I thought the pricing was reasonable.

I previously worked with McAfee, Kaspersky, and a couple of others, but computer threats were much different in 2003, and people were mainly worried about viruses. Compared to other solutions at the time, Symantec seemed to have more reliable and faster releases of definition and would update files when new threats were discovered.

They all basically had the same functionality, but the most striking difference that I found in the evaluation process was Symantec's definition update process was quicker and more reliable. They would sometimes have the definition deployed 24 to 36 hours before some of the others. Kaspersky was always a good four or five days behind Symantec on virus definitions. They usually averaged about 12 to 14 hours ahead of McAfee.

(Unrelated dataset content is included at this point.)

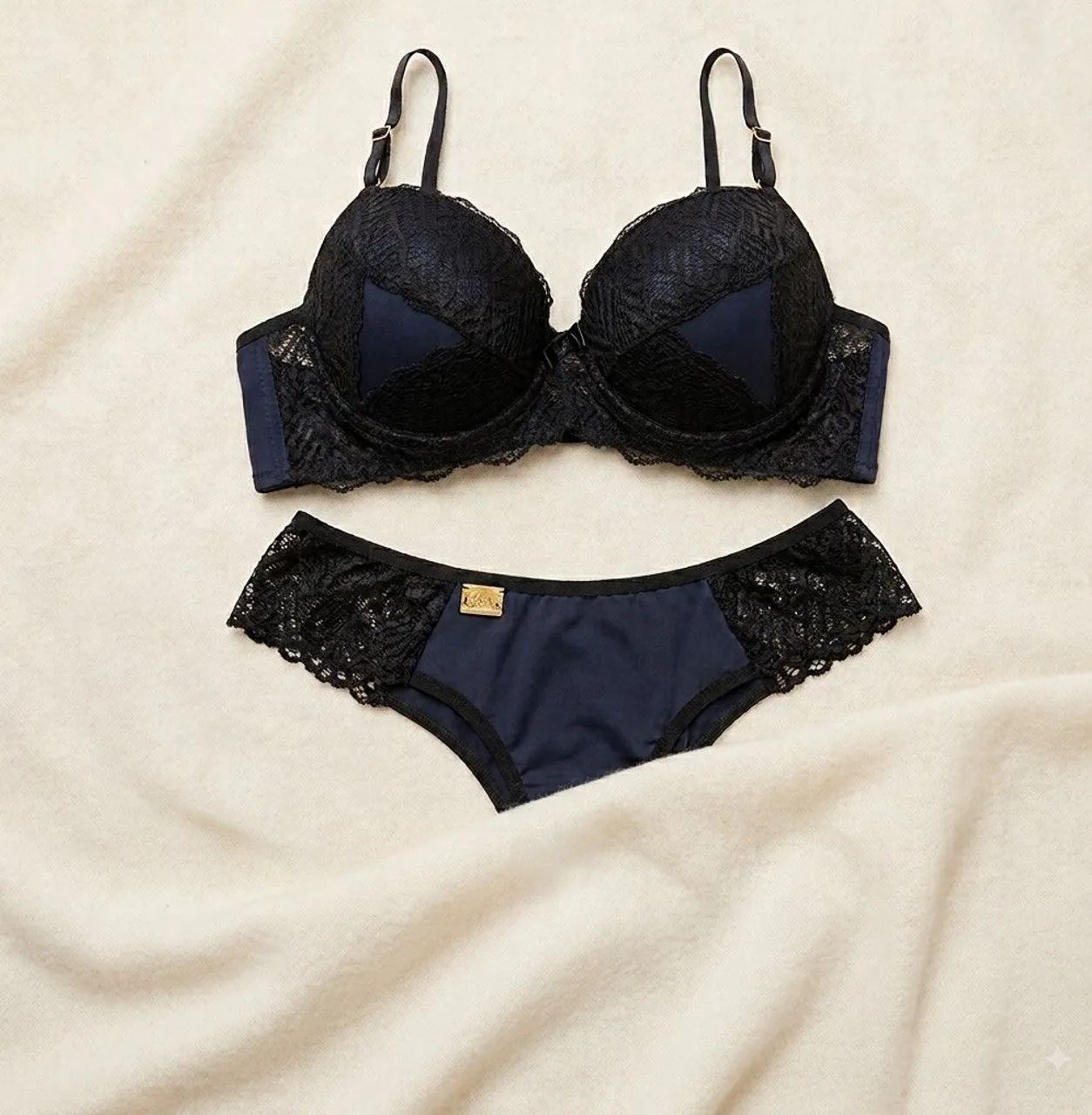 conjunto lingerie 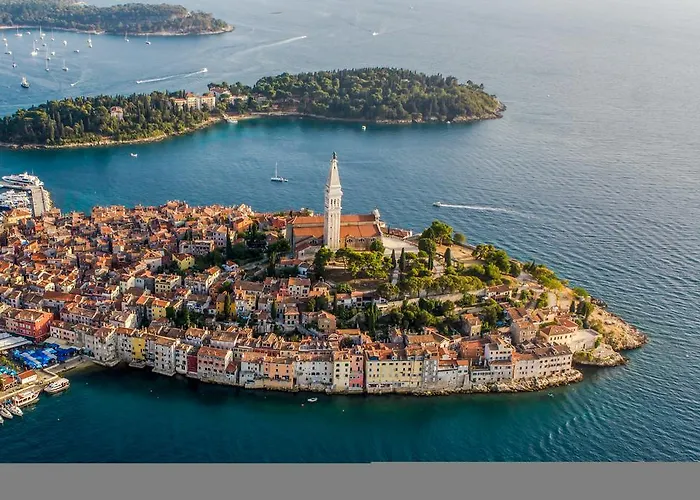 Main Street Carera Rovinj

I would rate this solution nine out of 10. While I was using it, I had a very favorable opinion of it.

For those who are evaluating the solution now, my advice is to find out the reported percentage of ransomware attacks that have not been caught by the system that has been allowed to matriculate through the system or through networks.

The biggest lesson I learned from using this solution is that having virus and firewall protection, virus definitions, and updating files, is not adequate protection anymore. There needs to be some AI-type component that is doing real-time analysis worldwide on the emerging threats because a simple virus is not the biggest threat to computers nowadays.